Airport protection

Raytheon today announced a new ground-based airport protection system that uses high power microwave technology to protect commercial aircraft from shoulder-fired missiles.


Raytheon today announced a new, affordable ground-based airport protection system that uses high power microwave technology to protect commercial aircraft from shoulder-fired missiles.



Known as Vigilant Eagle, the company said in a statement that the airfield-based directed electromagnetic energy system protects the flying public against the threat of surface-to-air missiles including MANPADS (Manportable Air Defence System).



“Raytheon is in the process of rolling out its Vigilant Eagle technology that defeats the most important classes of man-portable missiles in seconds without any alteration to or involvement by the aircraft using the airport,” said Mike Booen, vice president of Directed Energy Weapons at Raytheon Missile Systems in Tucson, Arizona.

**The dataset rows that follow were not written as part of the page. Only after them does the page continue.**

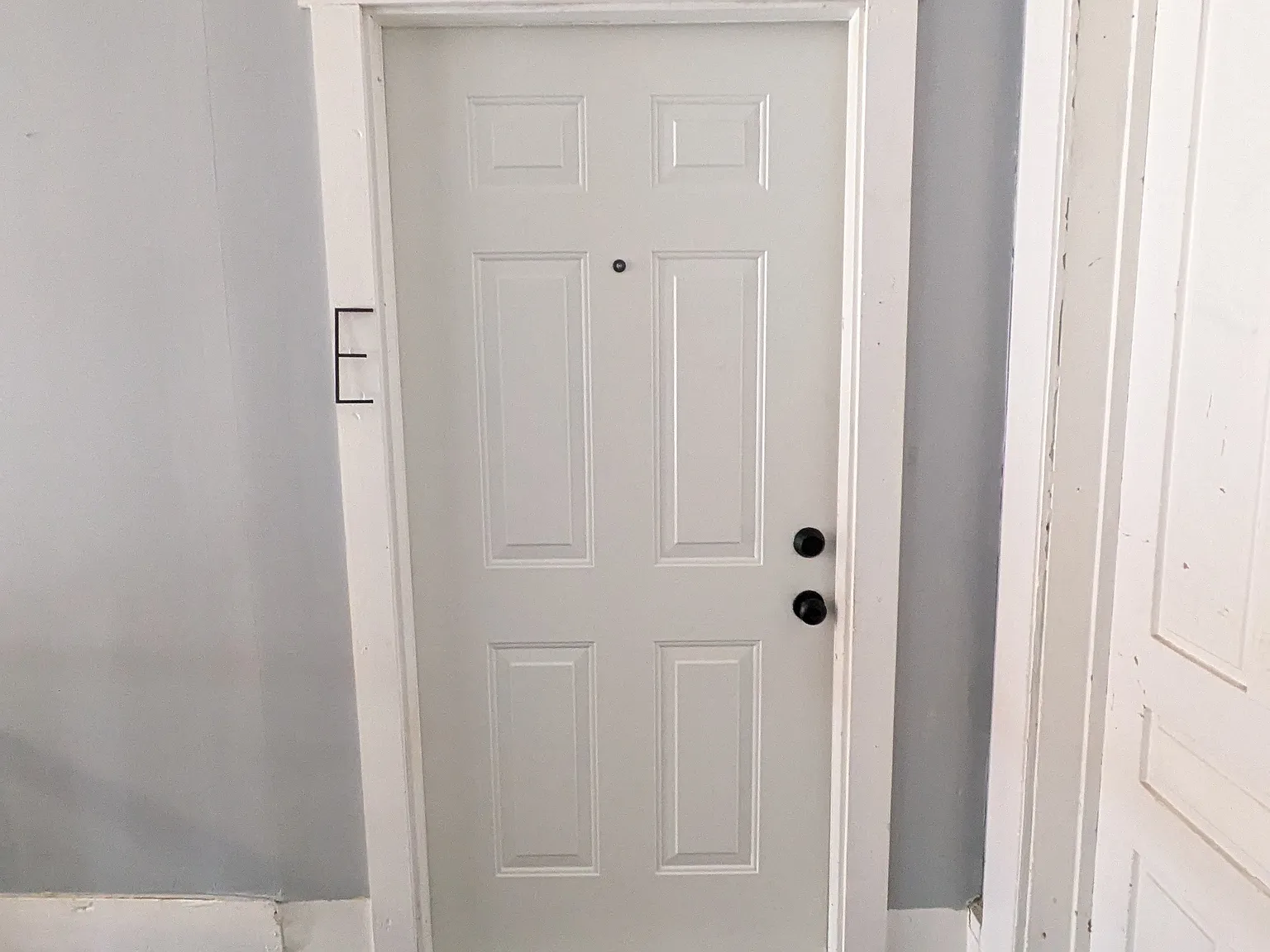 Spacious 2 Bedroom Apartment in Downtown Mechanicsburg — Photo 2
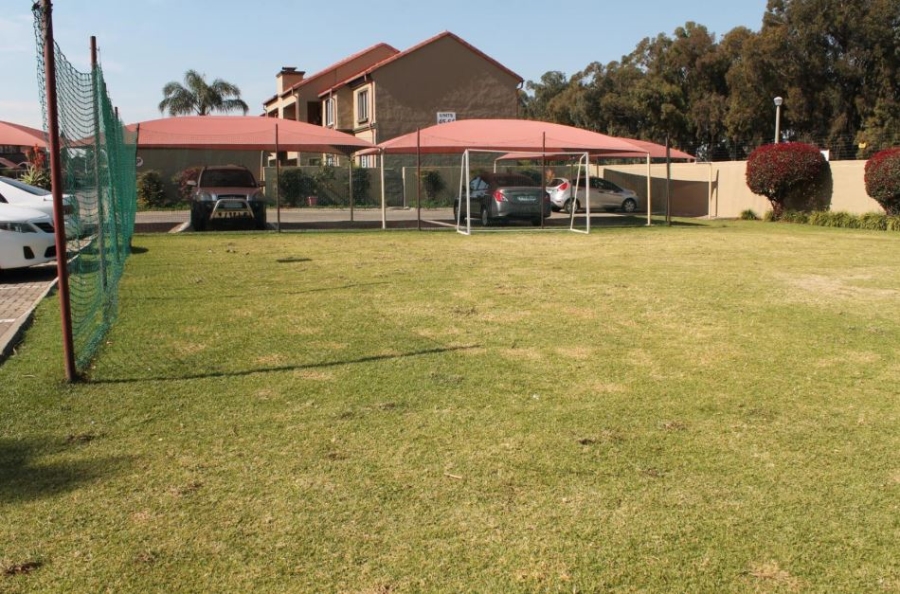 2 Bedroom Property for Sale in Eden Glen Gauteng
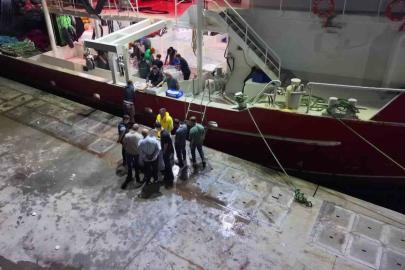 Av yasağının bitmesiyle İstanbul’da sezonun ilk balıkları bu gece avlandı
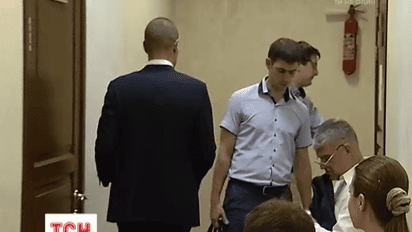 Печерский суд в закрытом режиме избирает меру пресечения задержанным прокурорам
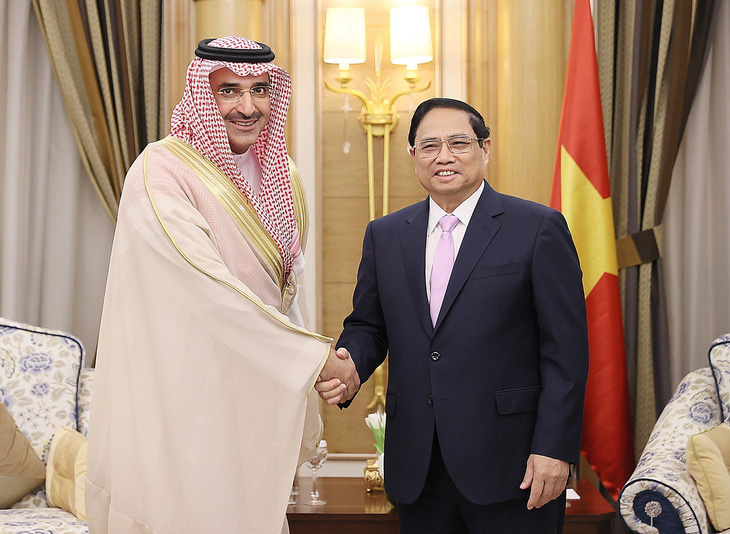 Thủ tướng Phạm Minh Chính tiếp ông Sultan Al-Marshad - giám đốc điều hành Quỹ phát triển Saudi Arabia - Ảnh: DƯƠNG GIANG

“Not only has our Vigilant Eagle system been proven effective, but it looks to be at least 10 times less costly than the current aircraft-based countermeasure programs now in development. A prototype system has been field tested and proven effective against important MANPADS threats. Perhaps most importantly, it can be made ready for trial installations in the US or at BaghdadInternationalAirport years ahead of current development programs.”

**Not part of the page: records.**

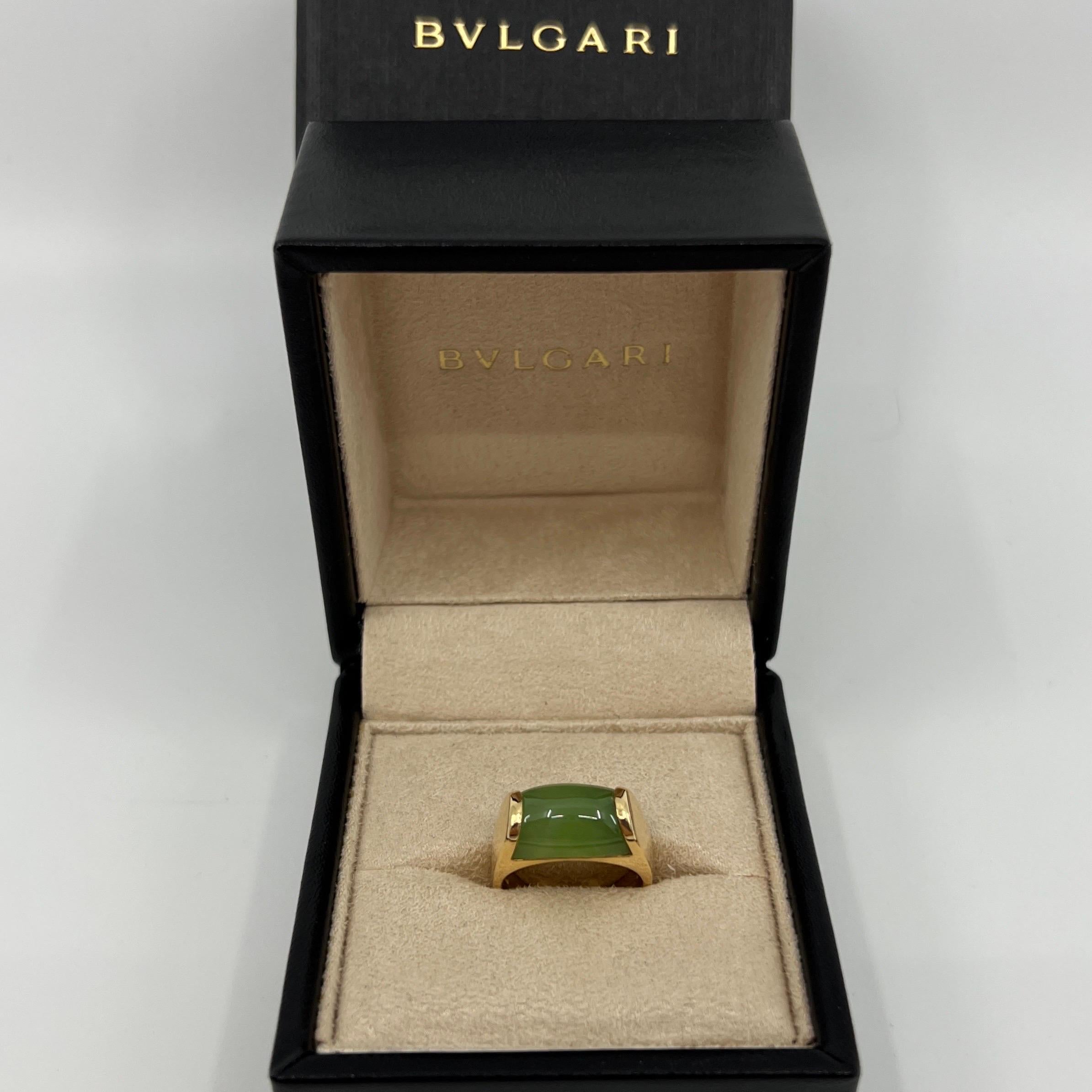 Rare Bvlgari Bulgari Green Jade Tronchetto 18 Karat Yellow Gold Ring with Box 6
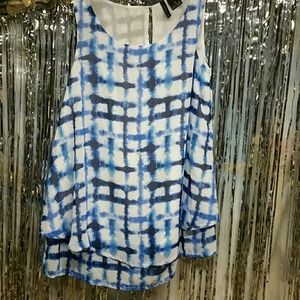 💖💙Gorgeous 💖💙New directions top.💖💙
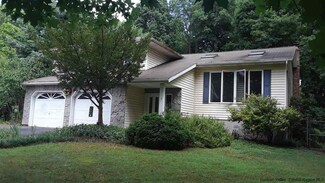 7 Ruby Meadows Rd, Lake Katrine, NY 12449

Vigilant Eagle is installed at airports, rather than on individual aircraft. It consists of three interconnected primary components: a distributed Missile Warning System (MWS), a command and control computer, and the High-power Amplifier-Transmitter (HAT), which consists of a billboard- sized electronically steered array of antennas linked to solid state amplifiers.

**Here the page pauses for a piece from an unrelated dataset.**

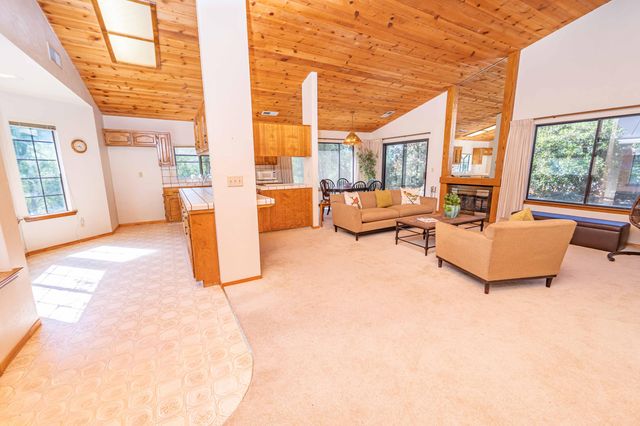 40962 Oakridge Drive, Three Rivers, CA 93271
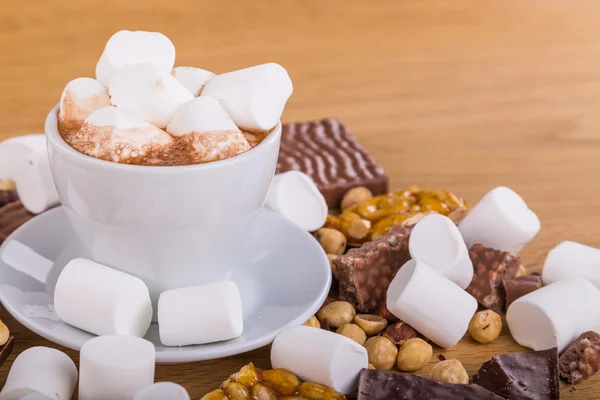 Eine Tasse Kaffee mit Marshmallows. Marshmallows, Schokolade und andere Süßigkeiten. eine Tasse Kakao — Stockfoto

The MWS is a pre-positioned grid of passive infrared sensors, mounted on cell phone towers or buildings to cover the required detection space. Each missile detection is confirmed by at least two sensors in an overlapping grid, yielding a low false alarm rate.



The command and control computer provides pointing commands to the HAT and also connects to the airport security interface. The command and control computer capability includes determination of the launch point to notify security forces, enabling capture of the terrorists who fired the missile.


The HAT radiates a tailored electromagnetic waveform to disrupt the missile and deflect it away from the aircraft. Raytheon said that created electromagnetic fields are well within OSHA (the Occupational Safety and Health Administration) standards for personnel exposure limits.